Stored data:
---*---

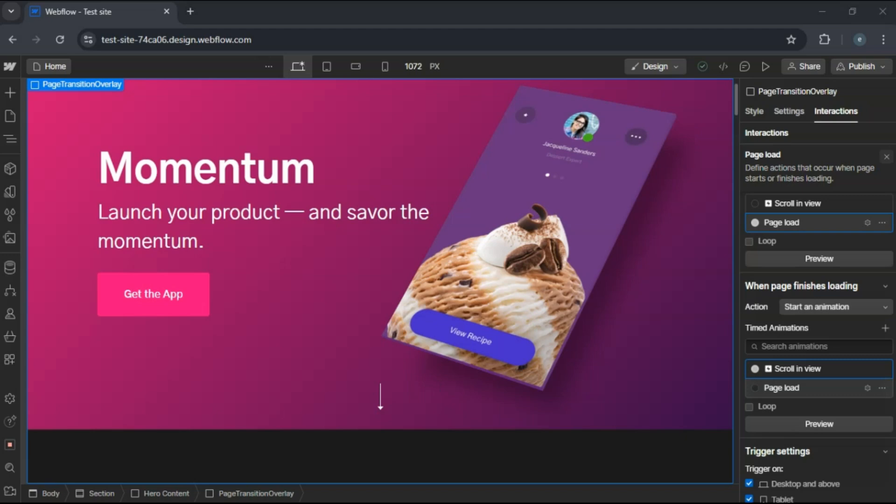Hey guys, quick tutorial today on how to delete a project in Webflow. If you have a paid plan and need to clean up your dashboard, here's how to do it safely.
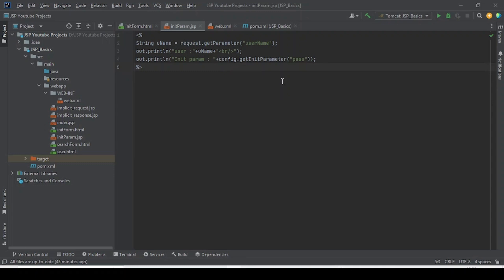To write Java code inside the JSP file, we are going to use some special tags provided by JSP. The JSP file is processed by the server, and as a response, pure HTML code will be sent back to the browser.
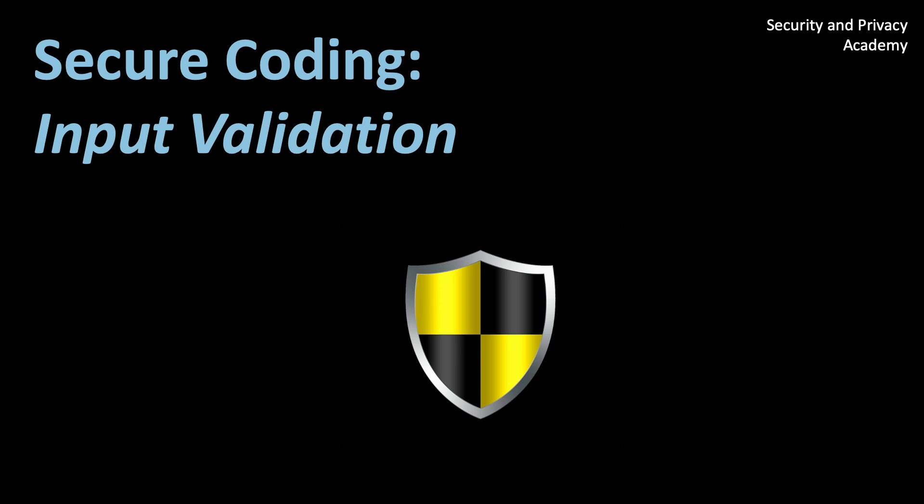Hello and welcome to my YouTube channel dedicated to security and privacy. In this video we will explore the critical topic of input validation and why it's essential for writing secure code in programming languages like C and PHP.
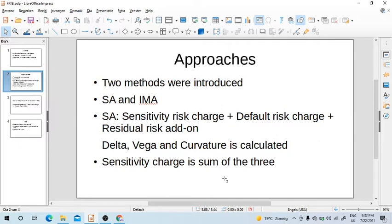The Default Risk Charge (DRC) is extra capital required to account for stressed or default scenarios — something that Sensitivity Risk Charge cannot properly account for. Hence DRC is required, which takes into account more stressed and default incidents. The Residual Risk Add-On is something on top of these two — it is an add-on for cases where regulators feel that the Sensitivity Risk Charge and DRC are not enough.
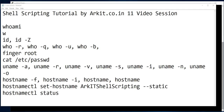Welcome to the shell scripting tutorial. This is the 11th video in this series. We are going to learn a few more commands which are very useful when you want to write scripts.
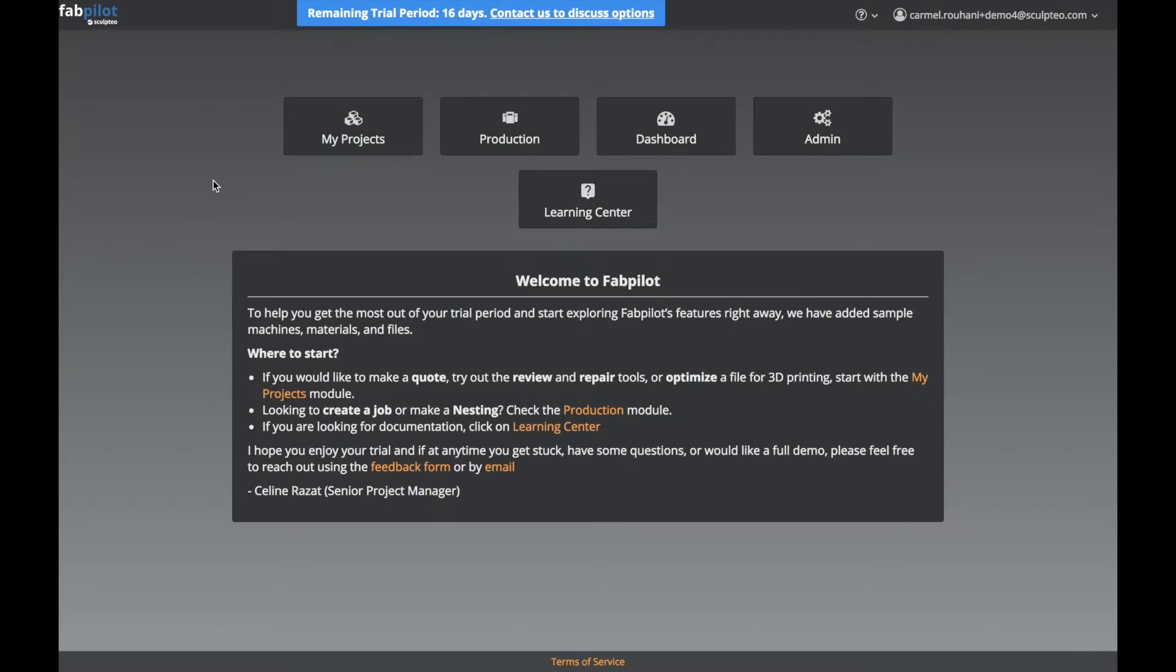Welcome back to our 2-minute tutorial series to help you get started with FabPilot. In this video, we'll show you how to prepare a 3D nesting.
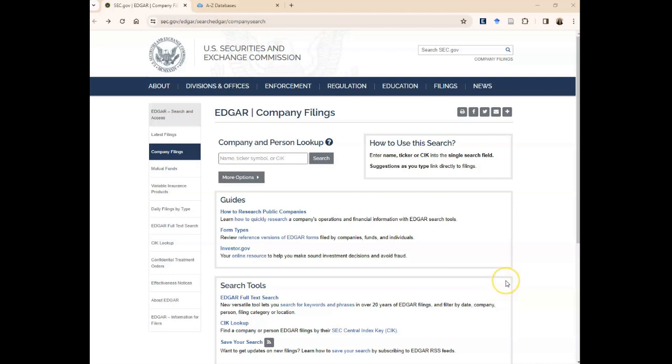Hello and welcome to a tutorial on finding mandatory disclosures for public companies in the SEC's EDGAR database. EDGAR is an open and searchable database created and maintained by the US Securities and Exchange Commission.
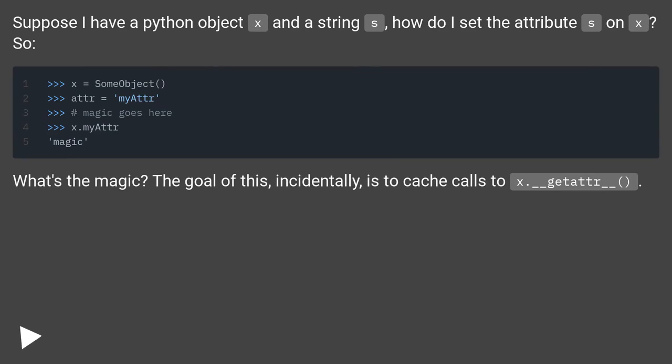So what's the magic? The goal of this, incidentally, is to cache calls to x.__getattr__().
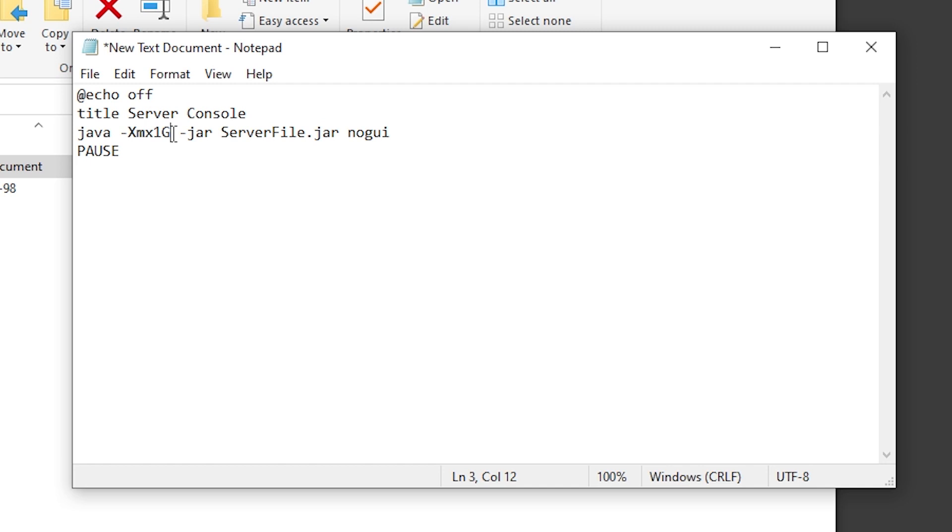The next thing you can change is the server RAM. You can see I've dedicated one gigabyte of RAM to the server. You can adjust this as needed for your Minecraft server.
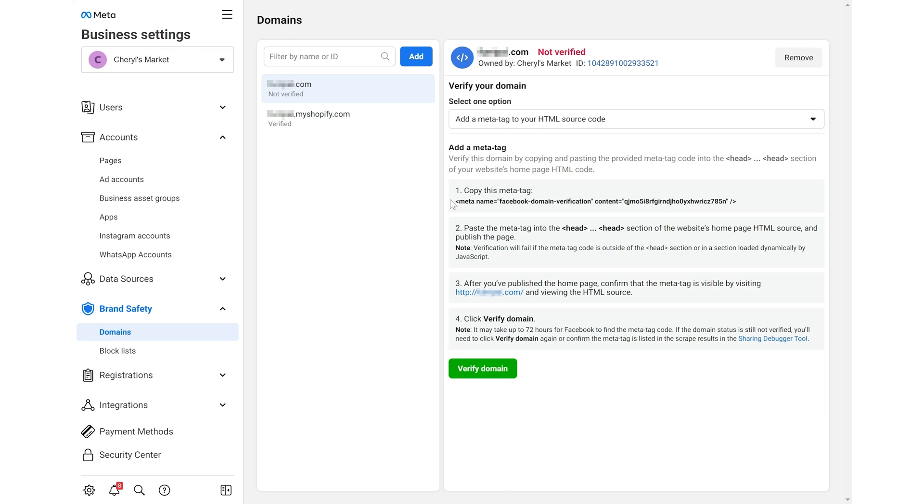Facebook asks you to copy the meta tag and paste it into the code of the home page of your Shopify store.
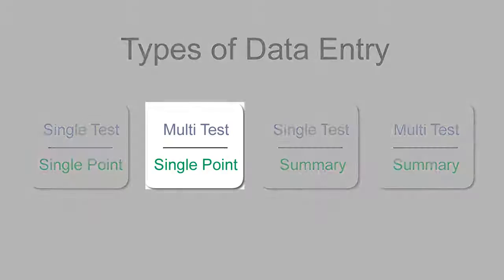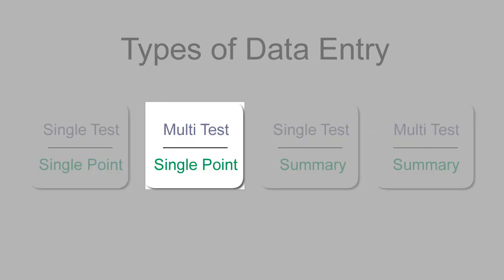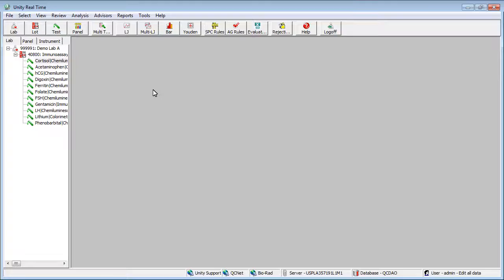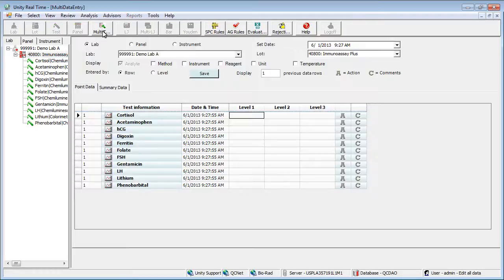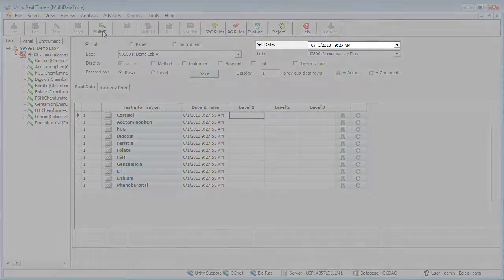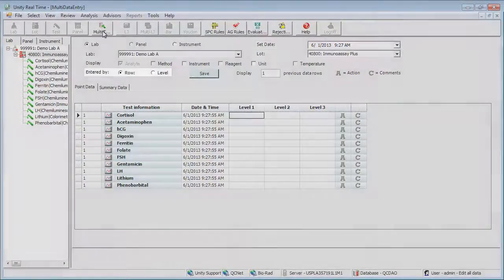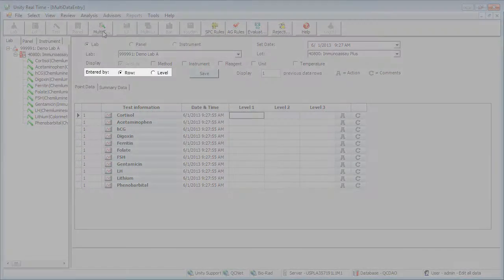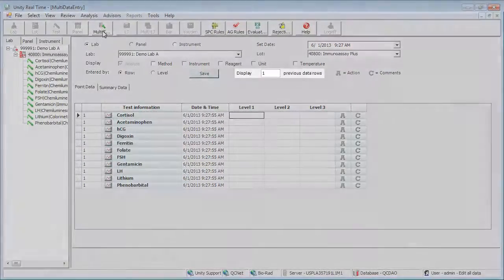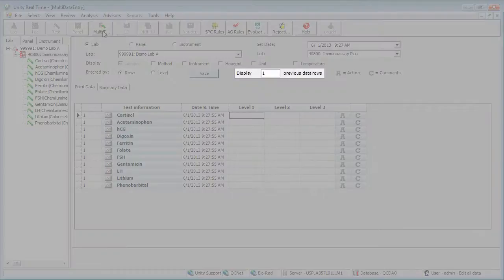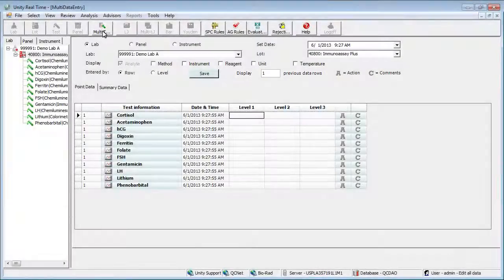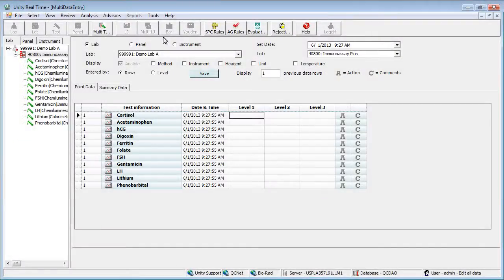Now we'll take a look at entering single point data for multiple tests at the same time. Select a lab and lot. Click the multi test data entry button. Set date allows you to set the date for all tests. You can enter data by row or level and determine how many rows you want to see prior to the current row. Enter your first value for the first test.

---*---

__TASK INSTRUCTIONS__.
Copy out the lines above from the line containing "So what's the" through the line containing "The next thing", exactly, and keep the pictures out.

__RESPONSE TO THE EXERCISE__.
So what's the magic? The goal of this, incidentally, is to cache calls to x.__getattr__().
The next thing you can change is the server RAM. You can see I've dedicated one gigabyte of RAM to the server. You can adjust this as needed for your Minecraft server.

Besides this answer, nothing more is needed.